▶ [What the exercise asks] All of the records below should be retyped exactly, with no pictures included.

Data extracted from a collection

******

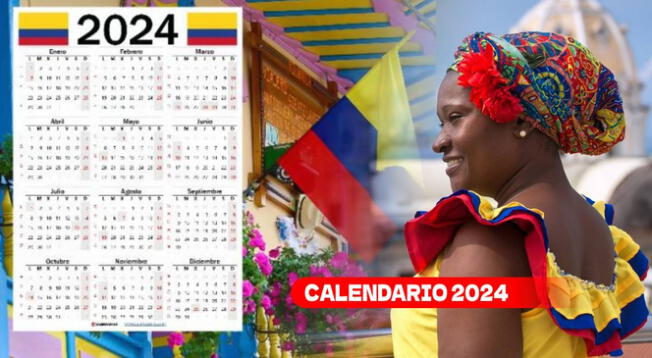 El calendario 2024 de Colombia ya está disponible en la web del Diario Líbero.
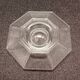 3 transparent egg cups in tempered glass arcoroc octime series, 1980 vintage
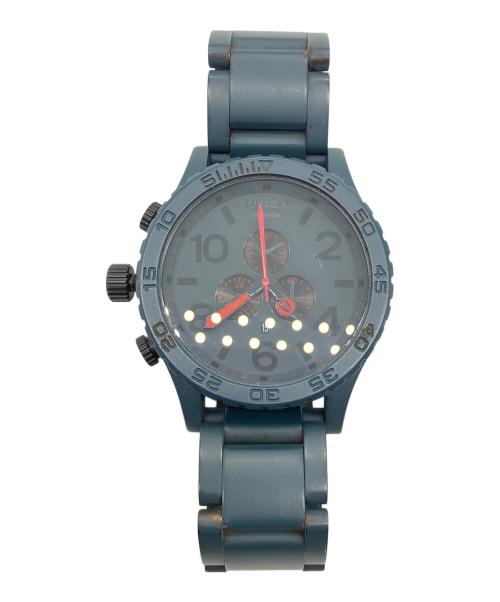 NIXON（ニクソン）NIXON (ニクソン) クロノグラフ ブルーの古着・服飾アイテム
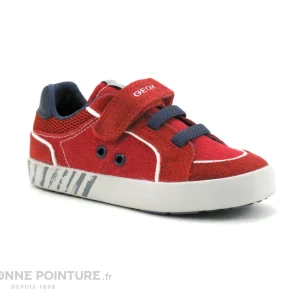 le grand escompte Meilleure affaire 🔥 Bébé Geox KILWI B02A7B Red Navy – Basket GARCON ❤️ 17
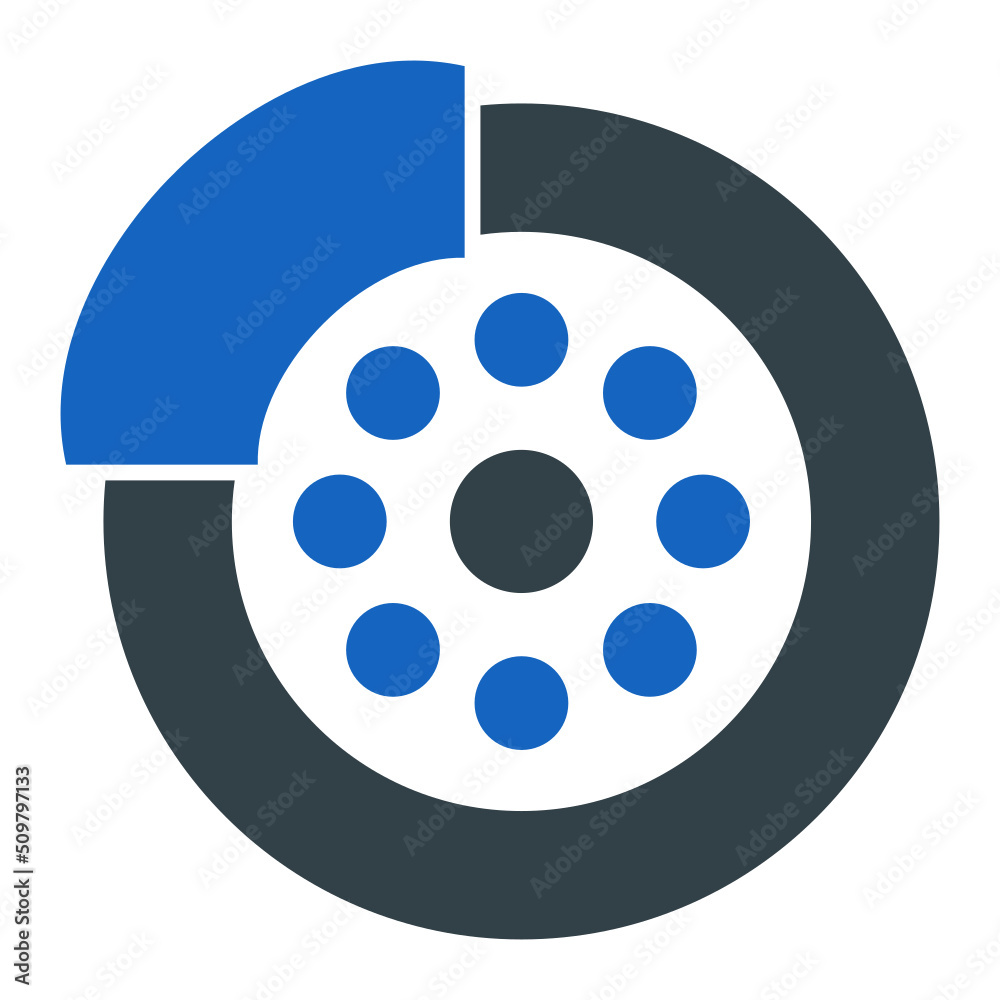 Brake Disc Icon Design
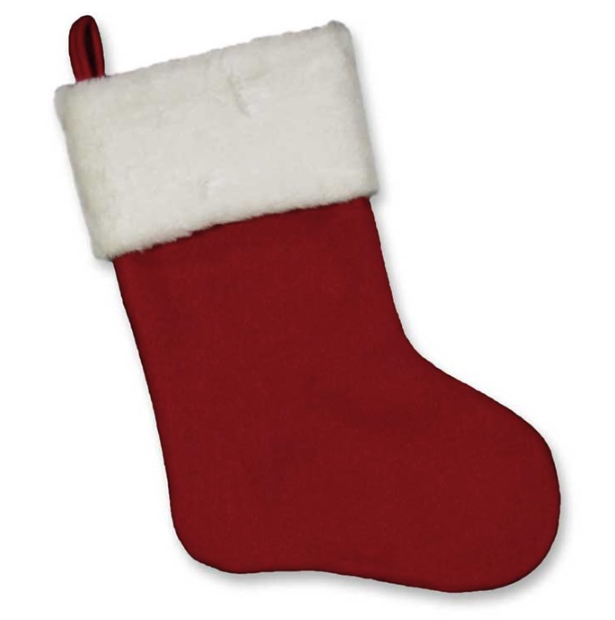 Unique Living | White Christmas sock red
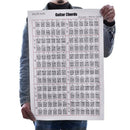 Acoustic / Electric Guitar Chord & Scale Chart Poster Tool Lessons Music Le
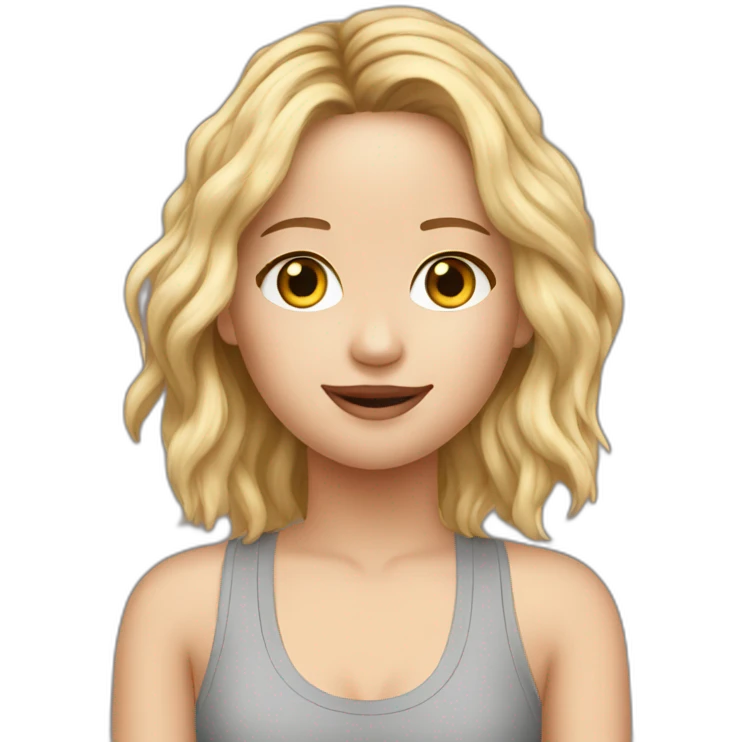 jennifer lawrence wearing tank top emoji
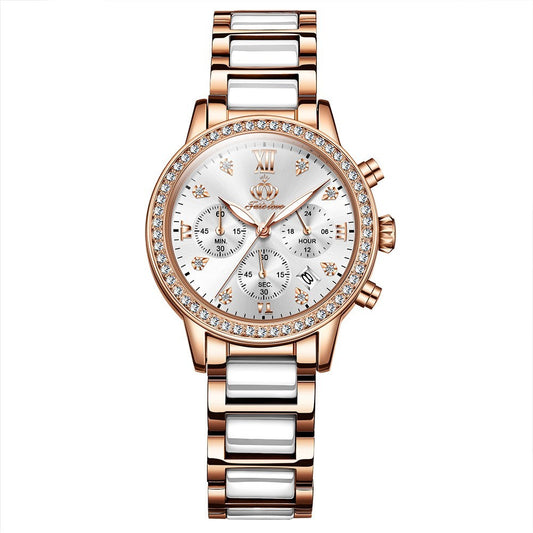 Women Simple Rhinestone Quartz Watch Waterproof Watch
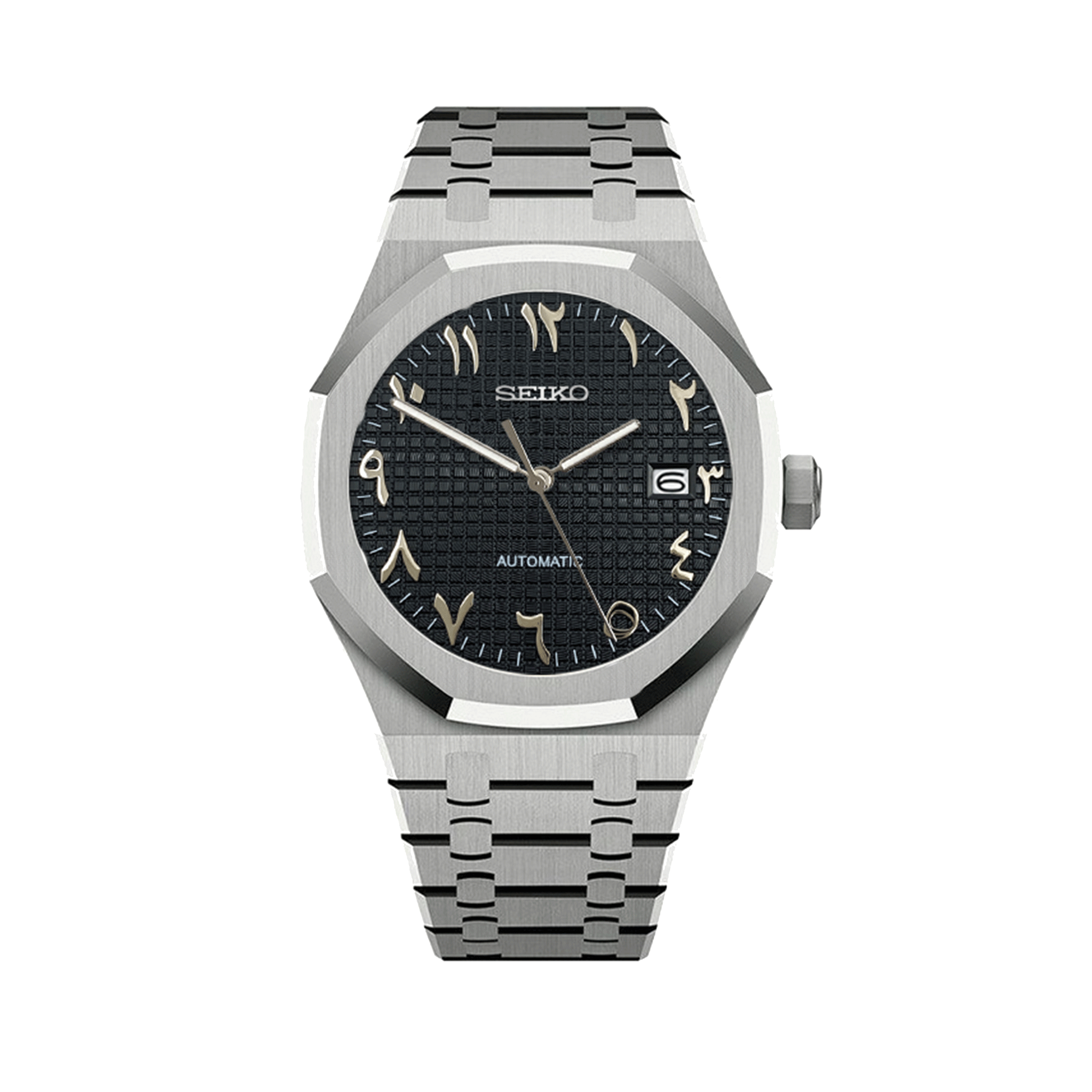 Montre Seikoak | Arabic | Black
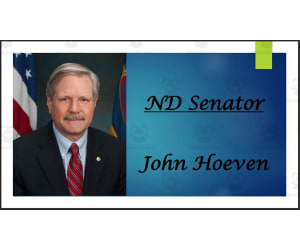 U.S. Senator John Hoeven (ND) Biography PowerPoint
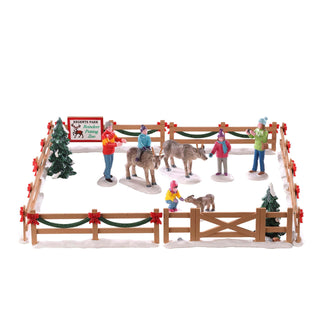 Lemax Vail Village Accessory: Reindeer Petting Zoo sparkle-castle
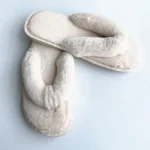 Factory Winter Wholesale slippers Non-slip Fluffy Furry Fur Slide Faux Womens Ladies Fur Flip Flops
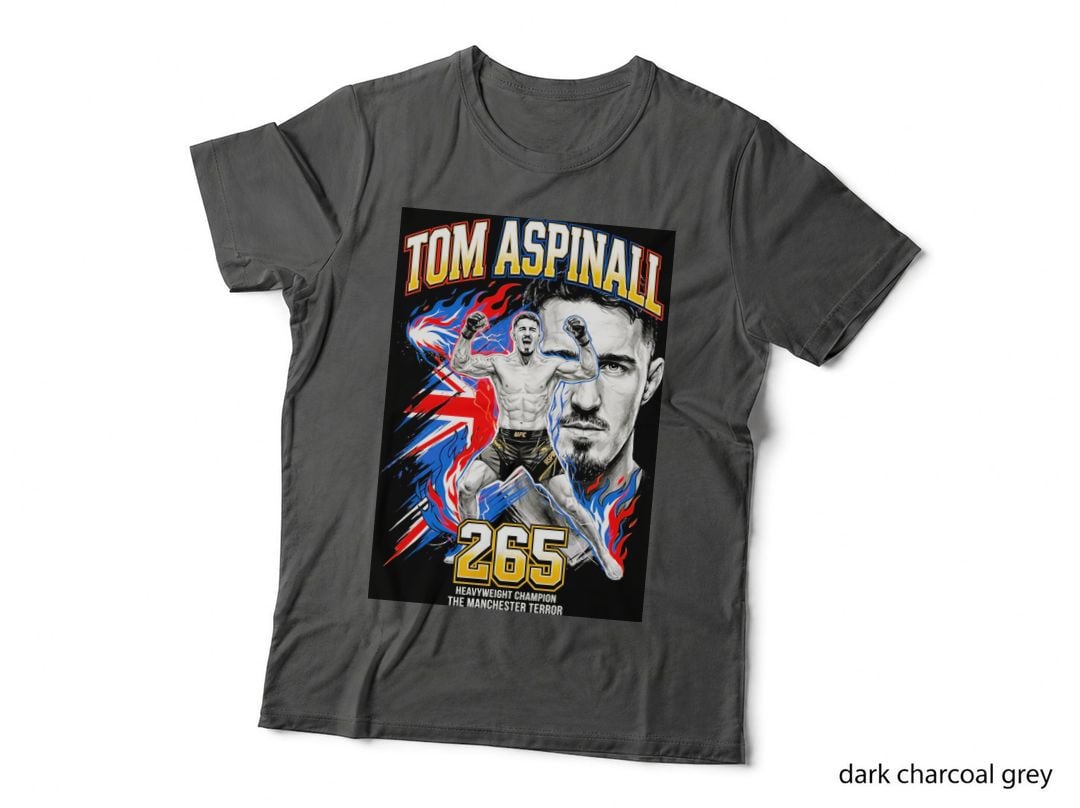 Tom Aspinall 265 Heavyweight Champion the Manchester UK Union Jack T-Shirt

******

▶ [Solution to this problem]
 El calendario 2024 de Colombia ya está disponible en la web del Diario Líbero.
 3 transparent egg cups in tempered glass arcoroc octime series, 1980 vintage
 NIXON（ニクソン）NIXON (ニクソン) クロノグラフ ブルーの古着・服飾アイテム
 le grand escompte Meilleure affaire 🔥 Bébé Geox KILWI B02A7B Red Navy – Basket GARCON ❤️ 17
 Brake Disc Icon Design
 Unique Living | White Christmas sock red
 Acoustic / Electric Guitar Chord & Scale Chart Poster Tool Lessons Music Le
 jennifer lawrence wearing tank top emoji
 Women Simple Rhinestone Quartz Watch Waterproof Watch
 Montre Seikoak | Arabic | Black
 U.S. Senator John Hoeven (ND) Biography PowerPoint
 Lemax Vail Village Accessory: Reindeer Petting Zoo sparkle-castle
 Factory Winter Wholesale slippers Non-slip Fluffy Furry Fur Slide Faux Womens Ladies Fur Flip Flops
 Tom Aspinall 265 Heavyweight Champion the Manchester UK Union Jack T-Shirt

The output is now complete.